The inland waterways segment is also witnessing rapid growth, supported by increased infrastructure investment and growing multimodal integration. The Jalvahak Scheme acts as a demand-side incentive, accelerating the shift towards inland waterways. Currently, there are 32 operational NWs, spanning approximately 5,155 km. In addition, 20 new NWs have been proposed for operationalisation by 2031. NW-57 (River Kopili) was operationalised in August 2025, marking the resumption of intra-state waterborne freight transport in Assam after more than a decade.

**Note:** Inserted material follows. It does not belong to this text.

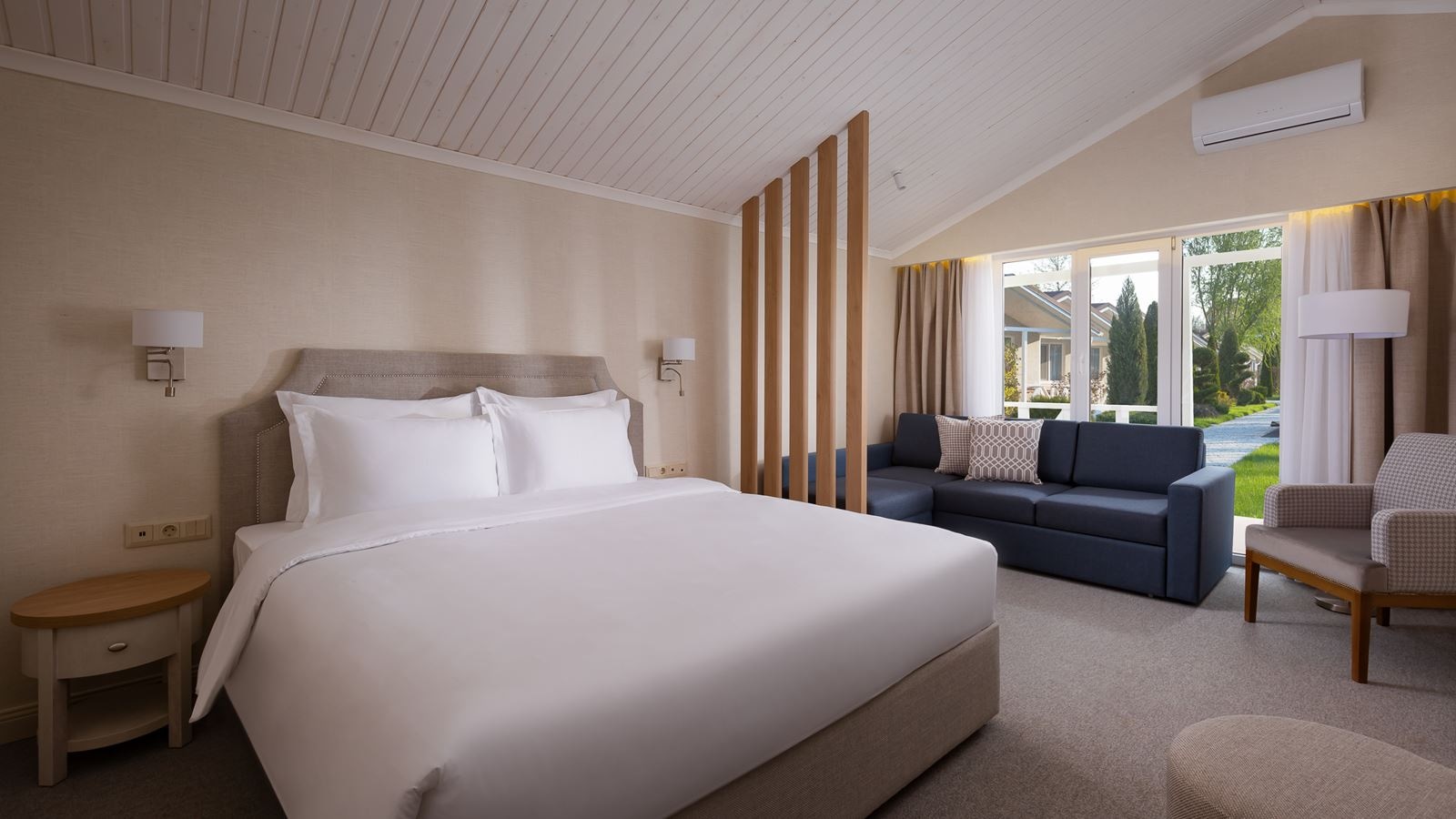 rooms-bungalow-double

Further, the Sutlej river has been designated as NW-98. There has also been a strong focus on the development of waterways in the Northeast, with investments exceeding Rs 30 billion.
Building resilience against global headwinds
Amid persistent global uncertainties, India’s major ports are handling record cargo volumes, underscoring the resilience of the country’s maritime ecosystem and the effectiveness of strengthened grievance redressal mechanisms. This performance reaffirms the government’s commitment to ensuring efficient, transparent and robust trade facilitation, despite external disruptions.

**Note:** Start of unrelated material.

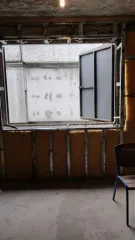 Гаражный бокс 57.7 кв.м., Краснодарский край, г. Краснодар, ул. Гидростроителей, д. 2А, квартира бокс 31. Назначение: Нежилое, кадастровый (условный) номер: 23:43:0426011:1248, вид собственности: индивидуальная.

In line with this approach, the Indian government has extended the implementation of its decision to roll back the cabotage waiver by six months. Originally scheduled post April 2026, the rollback would have withdrawn relaxations permitting foreign-flagged vessels to transport select domestic and export-import cargo along the coast. The extension provides interim relief to shipping lines and port operators, while allowing additional time for a calibrated transition towards promoting Indian-flagged vessels and enhancing domestic maritime capacity. Besides, JNPA is waiving storage charges for containers held beyond free periods at Nhava Sheva, while the Container Corporation of India is offering discounts on reefer container handling, benefiting exporters of perishable goods such as seafood and pharmaceuticals. These time-bound measures target cargo delayed or rerouted due to disruptions in West Asian shipping routes.
Opportunities galore
Marina development at Indian ports is emerging as a high-potential segment, driven by the growth in coastal tourism, cruise traffic and demand for recreational boating. In this regard, the central government’s approval of a Rs 8.87 billion project to develop world-class marina in Mumbai Harbour marks a significant step.

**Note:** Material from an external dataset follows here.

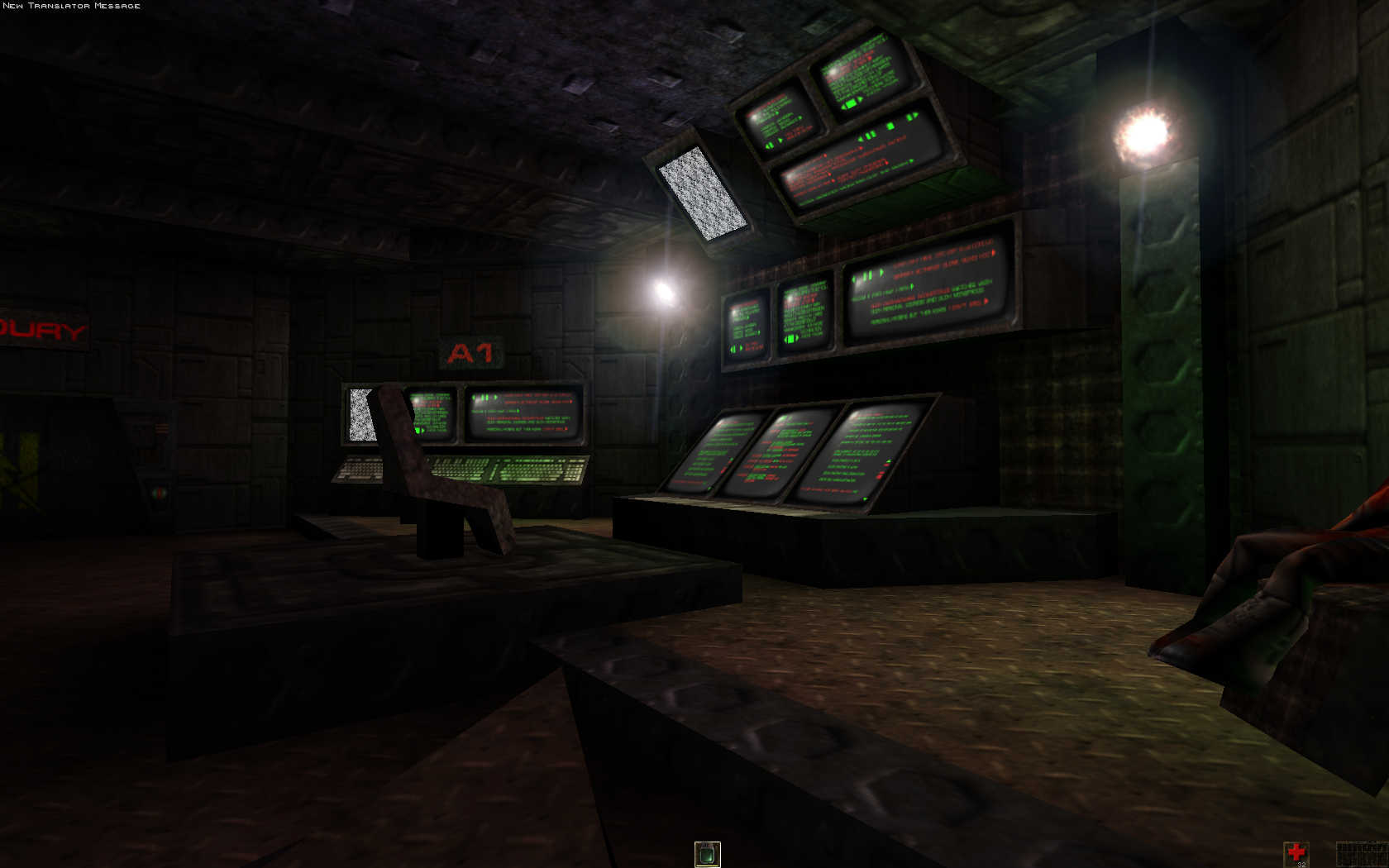 unreal80.jpg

Beyond marinas, substantial opportunities exist across ship design, modernisation and shipbuilding infrastructure, enabling India to progressively reduce reliance on foreign players and strengthen domestic capabilities. During the India Maritime Week 2025, the sector attracted record investments exceeding Rs 12 trillion, of which about 20 per cent was directed towards shipbuilding. Concurrently, technological advancements, increased mechanisation and continuous port upgradation remain critical to enhancing operational efficiency and overall infrastructure resilience. The Sagarmala programme continues to unlock investment opportunities across the maritime and logistics sectors, reinforcing the vision of port-led economic development.
Looking ahead, the trajectory of the maritime industry will depend on balancing growth objectives with environmental sustainability. While short-term risks from global trade volatility persist, a cohesive policy framework, deeper international collaboration and a sustained focus on innovation are expected to position India as a leading force in the global maritime landscape.